Wednesday, December 19, 2012

Research in the Atlantic

NOAA (National Oceanic and Atmospheric Association) is the government agency who controls information regarding to the current or future weather conditions. For the last three weeks, we used the NOAA Ship Pisces for the recovery and deployment of several oceanographic moorings in the Tropical North Atlantic.

(Link for our CRUISE TRACK; select ship PC, last 30 days.)

“We” in this case includes researchers from SIO and WHOI, the two leading oceanographic facilities in the world. WHOI did the majority of the work, and therefore sent more researchers. SIO had only two goals related to our MOVE project, and sent only me. NOAA provided the ship personnel, including NOAA officers (drive the boat), engineers (keep the boat running), cooks, and deckworkers.

Some background: The Meridional Overturning Circulation (MOC) consists of the Gulf Stream (transporting warm water north along the Eastern Seaboard of the USA) and the deep water return flow (transporting cold water south along the bottom of the Atlantic Ocean). Some researchers say that Climate Change predicts the MOC to slow down with dire consequences; The Day After Tomorrow is based on this idea. It is important, therefore, to monitor the MOC, which is the purpose of my lab's MOVE project.
Sunny recovery

Basically, I was on a boat to save (or at least warn) Jake Gyllenhaal in The Day After Tomorrow.
--Primary goal: Recover a single bottom-mounted instrument.
--Secondary goal: Establish acoustic communication with 4 other instruments.

Recovery was successful; I sent an acoustic signal to the instrument, releasing it from the seafloor. It floated to the surface and we spent a long time looking for it (beachball in an ocean). Once we brought it on board, I downloaded it's four years of data and made triple-backups.

Acoustic download is an interesting process, related to the old dialup connections. Those connections would use sound over the phone line to transmit information; AOL's “ooooo-uuuu-eeeeee-aa-oooo-aa-ooooo-uuuu-eeee-oooo” described the phoneline's 56K modem (i.e. 56,000 bits/sec). With the acoustic communication, I used a similar method (and it even sounded similar), though only at 140 to 800 bits/sec. This snail pace was enough at one location, and I downloaded a near-complete set of data. At other locations, I was only able to “ping” the instrument, making sure it still existed.

Sunrise after a night of Acoustic Comms

WHOI was on the vessel to recover their old full-depth mooring, and deploy a new one. I have taken part in several such deployment/recovery efforts (see POST), so I helped them as well. The float for their mooring actually broke free, so we needed to chase it down near South America.

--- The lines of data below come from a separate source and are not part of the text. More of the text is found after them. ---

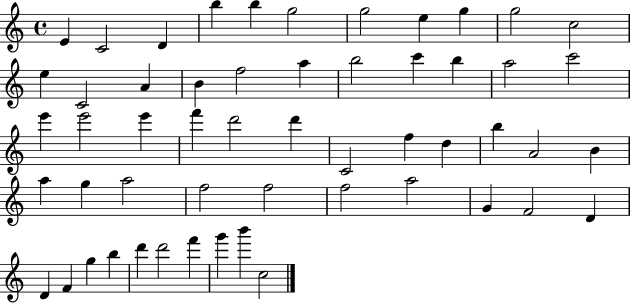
X:1
T:Untitled
M:4/4
L:1/4
K:C
E C2 D b b g2 g2 e g g2 c2 e C2 A B f2 a b2 c' b a2 c'2 e' e'2 e' f' d'2 d' C2 f d b A2 B a g a2 f2 f2 f2 a2 G F2 D D F g b d' d'2 f' g' b' c2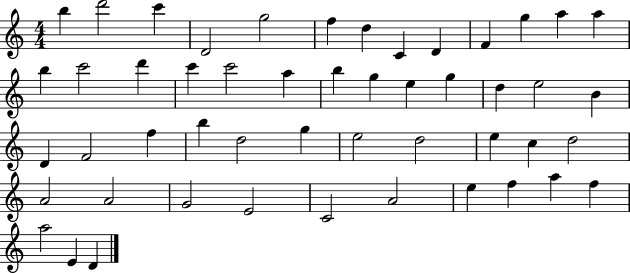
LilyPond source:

{
  \clef treble
  \numericTimeSignature
  \time 4/4
  \key c \major
  b''4 d'''2 c'''4 | d'2 g''2 | f''4 d''4 c'4 d'4 | f'4 g''4 a''4 a''4 | \break b''4 c'''2 d'''4 | c'''4 c'''2 a''4 | b''4 g''4 e''4 g''4 | d''4 e''2 b'4 | \break d'4 f'2 f''4 | b''4 d''2 g''4 | e''2 d''2 | e''4 c''4 d''2 | \break a'2 a'2 | g'2 e'2 | c'2 a'2 | e''4 f''4 a''4 f''4 | \break a''2 e'4 d'4 | \bar "|."
}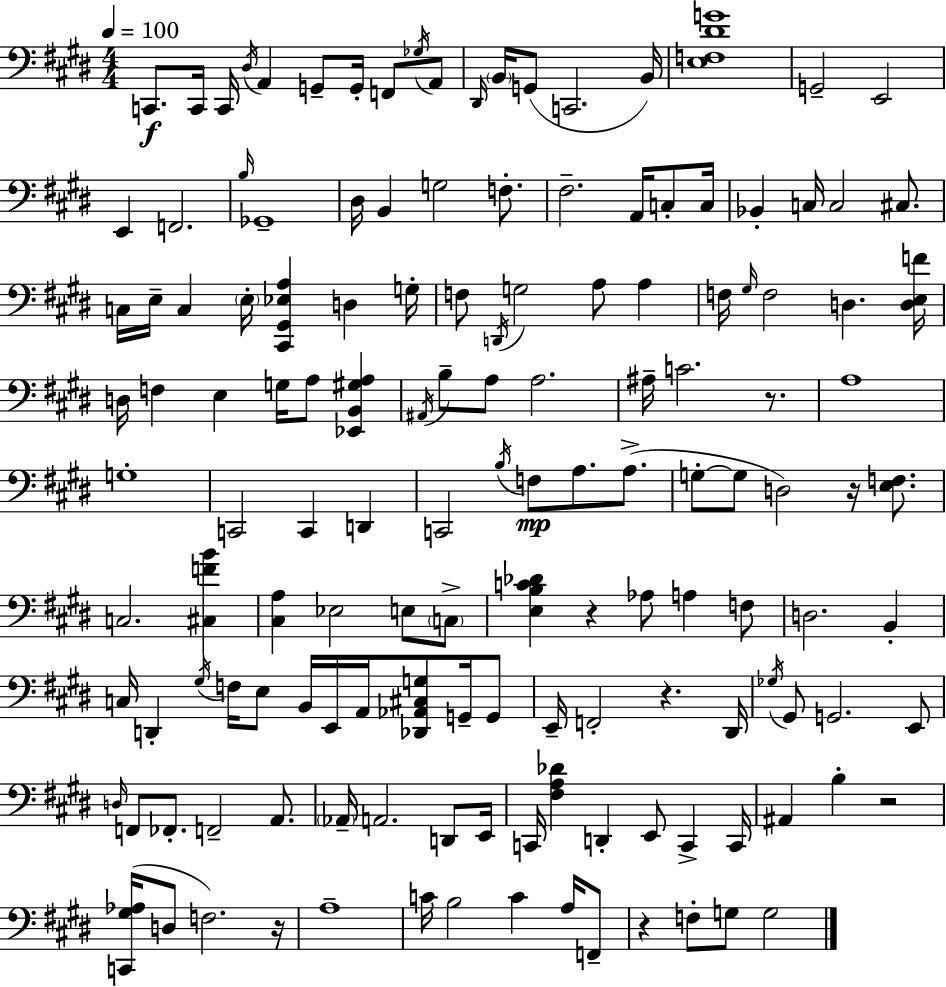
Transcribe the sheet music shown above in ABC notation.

X:1
T:Untitled
M:4/4
L:1/4
K:E
C,,/2 C,,/4 C,,/4 ^D,/4 A,, G,,/2 G,,/4 F,,/2 _G,/4 A,,/2 ^D,,/4 B,,/4 G,,/2 C,,2 B,,/4 [E,F,^DG]4 G,,2 E,,2 E,, F,,2 B,/4 _G,,4 ^D,/4 B,, G,2 F,/2 ^F,2 A,,/4 C,/2 C,/4 _B,, C,/4 C,2 ^C,/2 C,/4 E,/4 C, E,/4 [^C,,^G,,_E,A,] D, G,/4 F,/2 D,,/4 G,2 A,/2 A, F,/4 ^G,/4 F,2 D, [D,E,F]/4 D,/4 F, E, G,/4 A,/2 [_E,,B,,^G,A,] ^A,,/4 B,/2 A,/2 A,2 ^A,/4 C2 z/2 A,4 G,4 C,,2 C,, D,, C,,2 B,/4 F,/2 A,/2 A,/2 G,/2 G,/2 D,2 z/4 [E,F,]/2 C,2 [^C,FB] [^C,A,] _E,2 E,/2 C,/2 [E,B,C_D] z _A,/2 A, F,/2 D,2 B,, C,/4 D,, ^G,/4 F,/4 E,/2 B,,/4 E,,/4 A,,/4 [_D,,_A,,^C,G,]/2 G,,/4 G,,/2 E,,/4 F,,2 z ^D,,/4 _G,/4 ^G,,/2 G,,2 E,,/2 D,/4 F,,/2 _F,,/2 F,,2 A,,/2 _A,,/4 A,,2 D,,/2 E,,/4 C,,/4 [^F,A,_D] D,, E,,/2 C,, C,,/4 ^A,, B, z2 [C,,^G,_A,]/4 D,/2 F,2 z/4 A,4 C/4 B,2 C A,/4 F,,/2 z F,/2 G,/2 G,2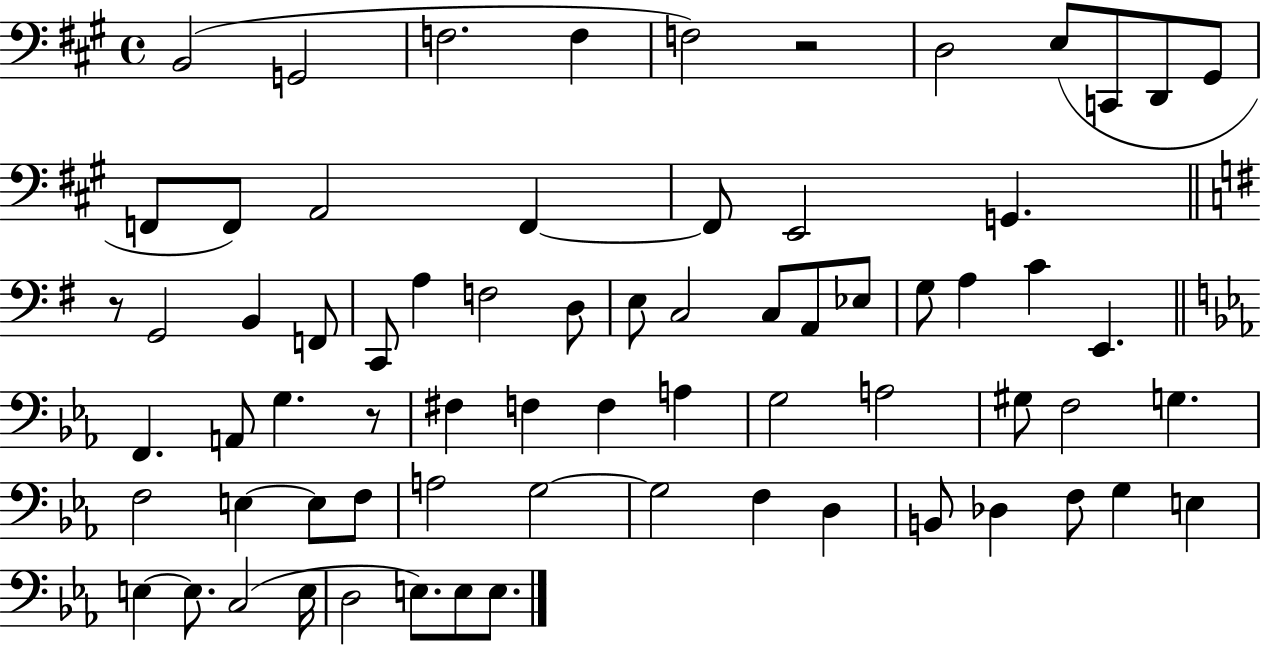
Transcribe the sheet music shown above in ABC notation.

X:1
T:Untitled
M:4/4
L:1/4
K:A
B,,2 G,,2 F,2 F, F,2 z2 D,2 E,/2 C,,/2 D,,/2 ^G,,/2 F,,/2 F,,/2 A,,2 F,, F,,/2 E,,2 G,, z/2 G,,2 B,, F,,/2 C,,/2 A, F,2 D,/2 E,/2 C,2 C,/2 A,,/2 _E,/2 G,/2 A, C E,, F,, A,,/2 G, z/2 ^F, F, F, A, G,2 A,2 ^G,/2 F,2 G, F,2 E, E,/2 F,/2 A,2 G,2 G,2 F, D, B,,/2 _D, F,/2 G, E, E, E,/2 C,2 E,/4 D,2 E,/2 E,/2 E,/2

Day 1-6: Full ahead steam.
Day 7: Deploy WHOI Buoy
Day 8: Partial WHOI Recovery. Acoustic Communications.
Day 9-10: Catch up to WHOI Float
Day 11: Recover WHOI Float
Day 12-13: Steam to Acoustic Sites
Day 14: Partial acoustic download. Acoustic Communications.
Day 15: St. Croix!
Day 16-20: Fuller ahead steam (you always travel faster BACK to port)

Somethings interesting:
--There was one day where the ocean was bone-glassy. There were 3-4 days where the ocean was a punishing 10-12 foot, with 40 knot winds.

--St. Croix was really neat, though I was only able to taxi to a beach and hang out. To get back to the boat, I had to trade my straw hat for a ride; we had spent our money on food, etc.

--If I wait until the end of a cruise like this, it gets too long (e.g. description, background, anecdotes). I'll try to post during the cruise in the future.

There is not much to do in Norfolk, VA




Movie room

We remove the side of the boat in order to deploy the mooring

My job was to hold this line as we put the surface float in the water.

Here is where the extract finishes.